### Instructions to follow
Exactly the lines below starting at the line with "Knights of Sidonia" and ending at the line with "new 2023 Ford F-250 car, priced at $44,985" are wanted, with both ends included. Leave out the pictures and add no other lines.

━━━ Input data ━━━

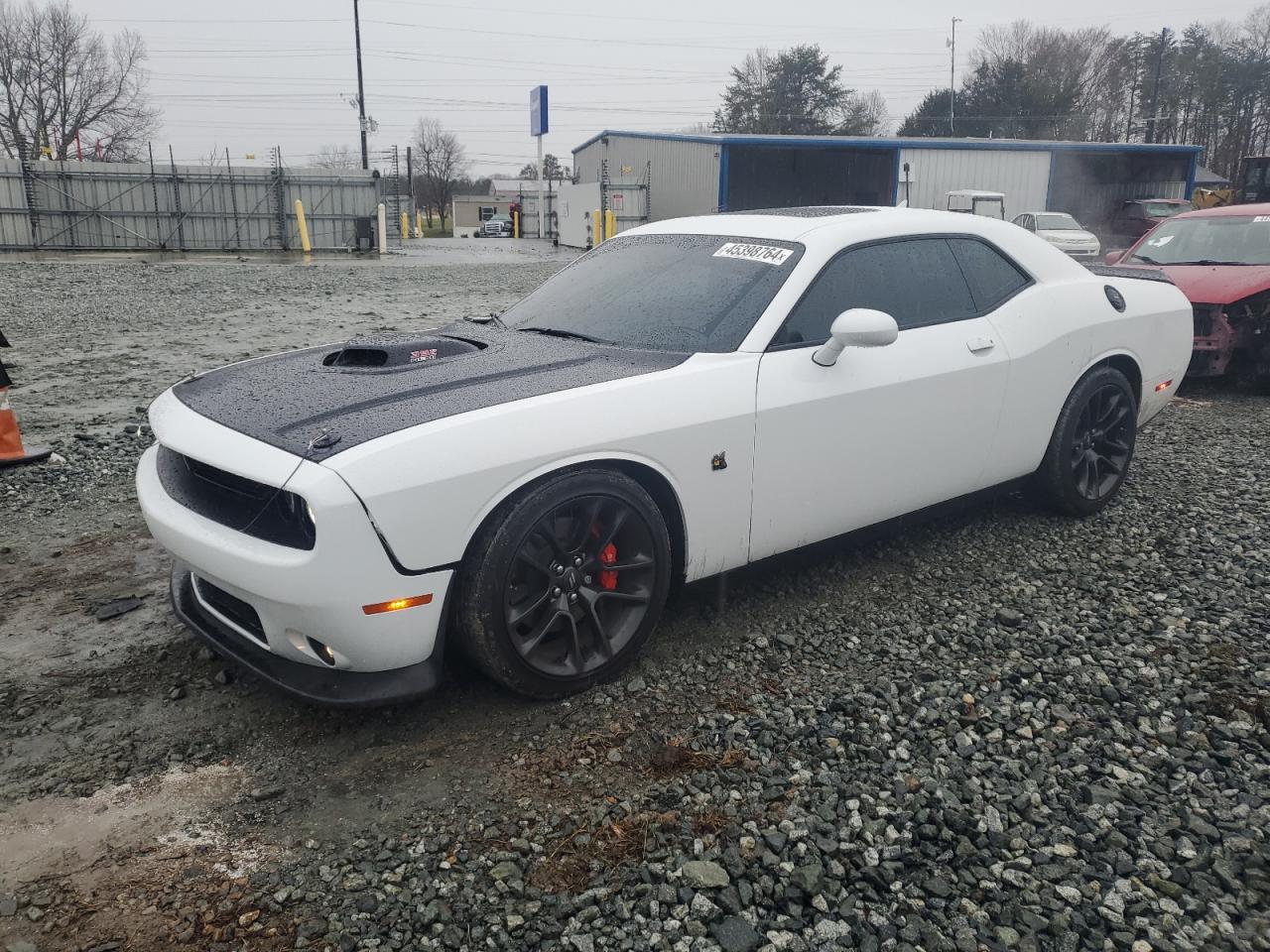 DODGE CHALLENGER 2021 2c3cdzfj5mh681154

━━━
━━━ Input data ━━━

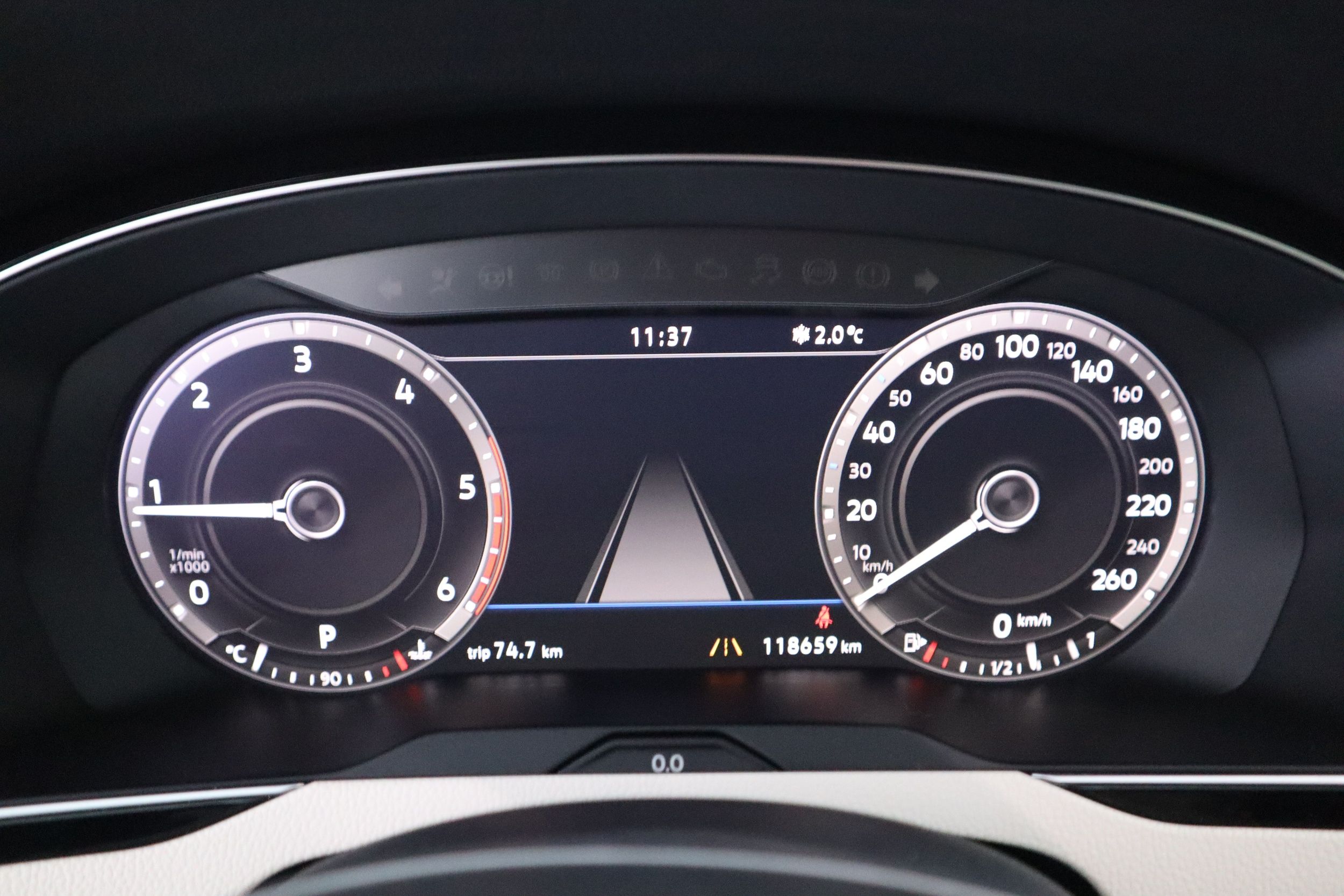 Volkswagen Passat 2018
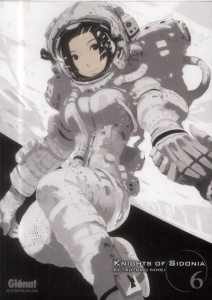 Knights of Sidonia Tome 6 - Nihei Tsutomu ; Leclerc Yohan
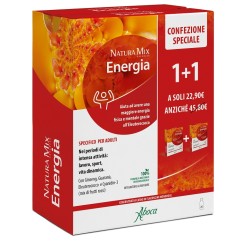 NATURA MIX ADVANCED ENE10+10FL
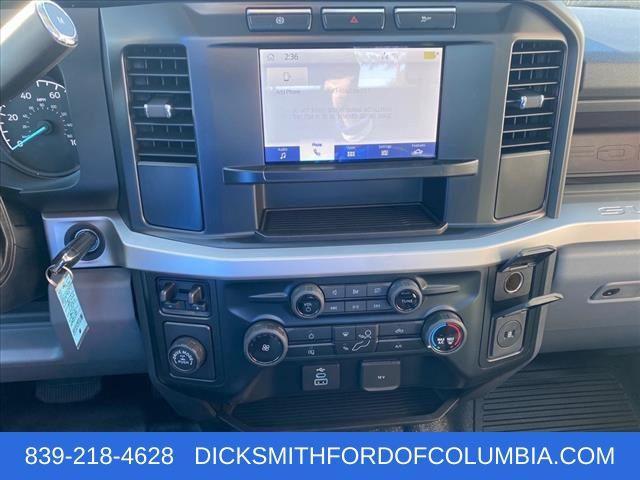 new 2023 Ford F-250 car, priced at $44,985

━━━

### Exercise answer
 Knights of Sidonia Tome 6 - Nihei Tsutomu ; Leclerc Yohan
 NATURA MIX ADVANCED ENE10+10FL
 new 2023 Ford F-250 car, priced at $44,985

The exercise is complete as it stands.